→ EXERCISE GOAL:
Return the listing below exactly, with the pictures dropped.

→ DATA SHOWN:
▼▼▼

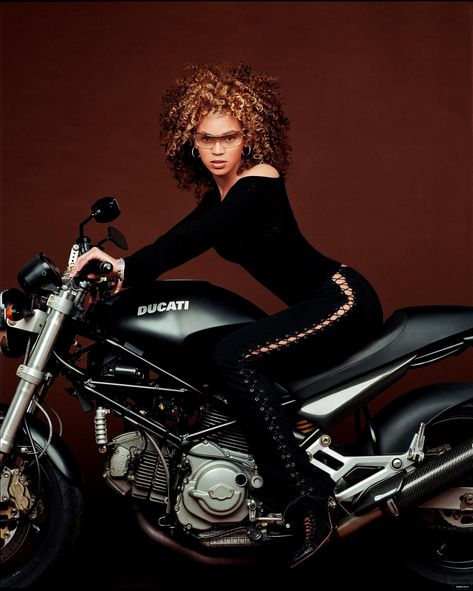 Rafael Carter. on Twitter: "Beyoncé for Movieline Magazine (Jul. 2002)… " Beyonce 2000's, Niki Taylor, Lita Ford, Belen Rodriguez, Beyonce Outfits, Jillian Michaels, Jayne Mansfield, Ann Margret, Beyoncé Giselle Knowles-carter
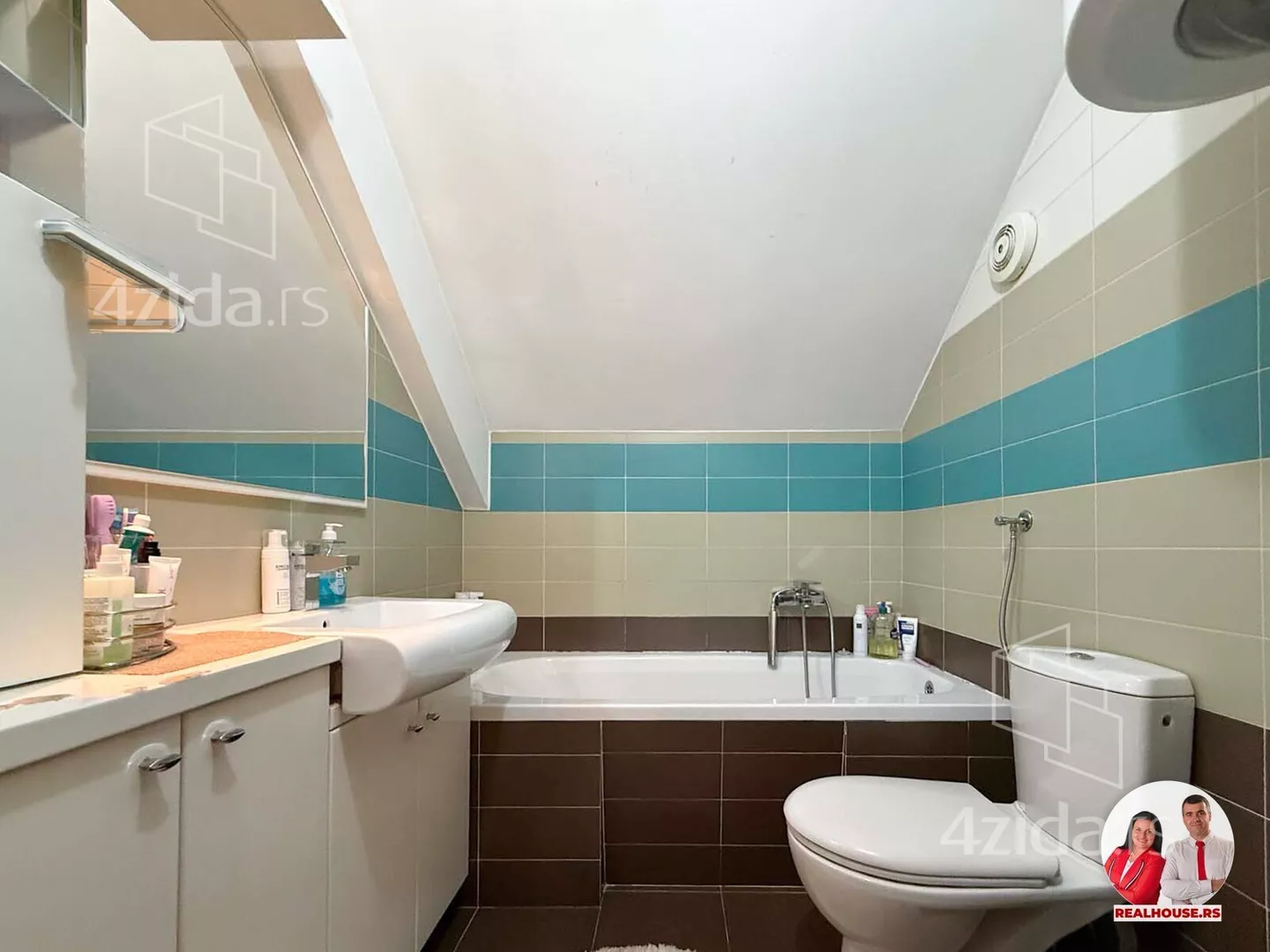 Troiposoban stan | 4zida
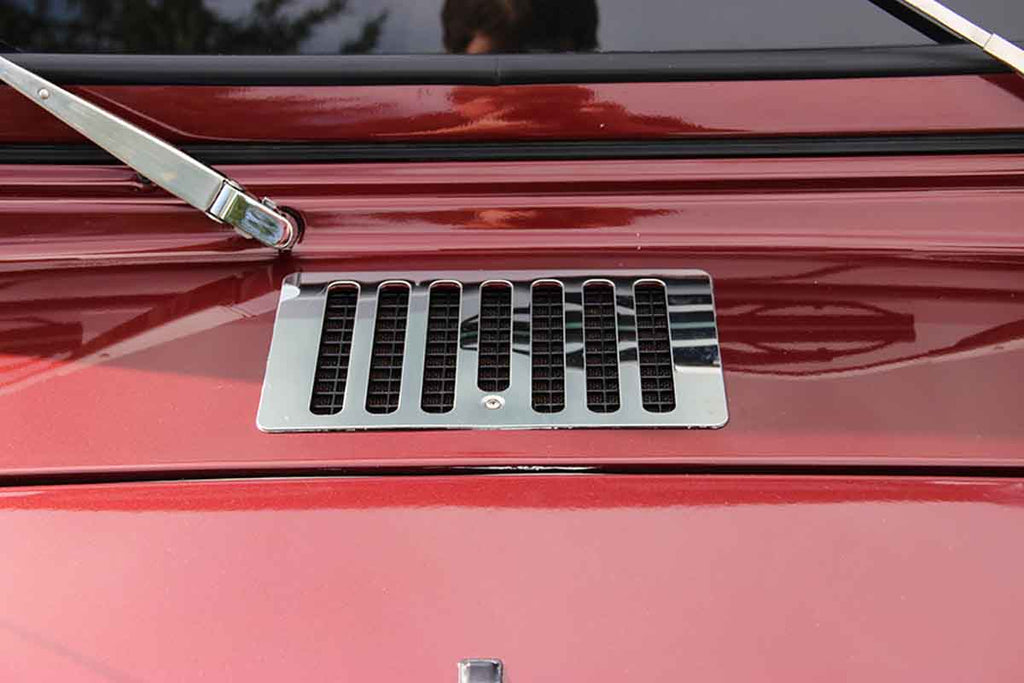 Frontal view of Kentrol Hood Vent for 1997-2006 Jeep Wrangler 30500 installed to the hood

▲▲▲

→ ANSWER SECTION:
 Rafael Carter. on Twitter: "Beyoncé for Movieline Magazine (Jul. 2002)… " Beyonce 2000's, Niki Taylor, Lita Ford, Belen Rodriguez, Beyonce Outfits, Jillian Michaels, Jayne Mansfield, Ann Margret, Beyoncé Giselle Knowles-carter
 Troiposoban stan | 4zida
 Frontal view of Kentrol Hood Vent for 1997-2006 Jeep Wrangler 30500 installed to the hood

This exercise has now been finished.